Hood Famous Cafe + Bar
My daughter affectionately calls this “The Ube Shop.” If you’re not yet familiar with ube, it is a subtly sweet, naturally purple yam used as a staple ingredient in Philippine desserts. Founder Chera Amlag’s Instagram-worthy, ube cheesecakes may have been what put them on the map, but everything they serve is simply delightful. My daughter devours their ube cookies and I can’t turn down their buko (coconut) pie or handcrafted pandan lattes with Philippine Kalsada Coffee. (Fun Fact: Hood Famous Bakeshop is the first business in the U.S. to feature a single origin coffee from the Philippines.) During the day, they function as a bakery/cafe, but in the evenings they transition their menu to cocktails and Filipino bar food.
Musang Terrence Jeffery Santos
Walking into Musang is like being on the receiving end of a warm hug.

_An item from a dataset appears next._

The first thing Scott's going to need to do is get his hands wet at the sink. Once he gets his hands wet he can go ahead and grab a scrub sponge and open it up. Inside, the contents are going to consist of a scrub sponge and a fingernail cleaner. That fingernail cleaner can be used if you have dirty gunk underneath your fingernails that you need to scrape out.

Set in a home-converted-to-restaurant on Beacon Hill, Musang is “a community-driven restaurant focusing on the education of Filipinx cuisine.” This is not lip service—this is a restaurant truly created of and for the community it serves. While Chef Melissa Miranda is the heart and soul of Musang, their rotating menu often features creations from her staff, seasonal dishes and cocktails inspired by childhood memories of beloved Filipino dishes. It is not uncommon to discover pop-ups from visiting chefs under Musang’s roof as they make space for and uplift others within their community.
Archipelago Kristin Gillespie
Archipelago is small restaurant in Hilman City south of Seattle, servicing just 10-12 people at two evening seatings. Their cuisine is Philippine-inspired but their ingredients are exclusively sourced from the Pacific Northwest, creating some really innovative flavors. But while the cuisine is innovative and flavorful, the magic of Archipelago is in the storytelling and the experience. Chef Aaron Verzosa and Amber Manuguid form a husband and wife team who infuse significance into every detail, using their craft as a form of activism. They are passionate about not only sharing delicious meals, but also an understanding of its roots—literally through the farmers and purveyors they use, figuratively through the inspiration for each dish, and culturally through the history and tradition upon which those flavors are built. They are driven by identity, culture, and empowerment. You walk away from each experience realizing that you fed not only your body, but your mind and your heart as well.
I Am Filipino ongoing exhibit at The Wing Luke Museum Kristin Gillespie
Of course, Philippine culture can’t be told through food alone (although, even as I type this I am still fighting the urge to deny it—it’s such a big part of it!). The Wing Luke Museum has a wonderful ongoing exhibit called I Am Filipino which shares the complex layers of Filipino American history, experience, and identity. The idea stemmed from encounters with Filipino American students from a local high school who identified as Filipino, but didn’t have a real understanding of their heritage. As an American-born, mixed-race Filipino who can’t speak Tagalog, I was drawn to this exhibit the moment I laid eyes on it. That was me. I’d been seen. My place in this story had been validated.
Okay – back to food… if you’re looking for more Filipinx deliciousness to satisfy your tastebuds, check out ILAW Coalition’s Hella Sarap Map. Kain na!
*On May 7, 2019, SB 5865 officially declared every month of October Filipino American History Month in Washington State, respecting the long standing impact and influence of the Filipino community on the history of the state of Washington and the United States of America. Much of the effort was led by the Filipino American National History Society, which was founded in 1982 in Seattle, WA.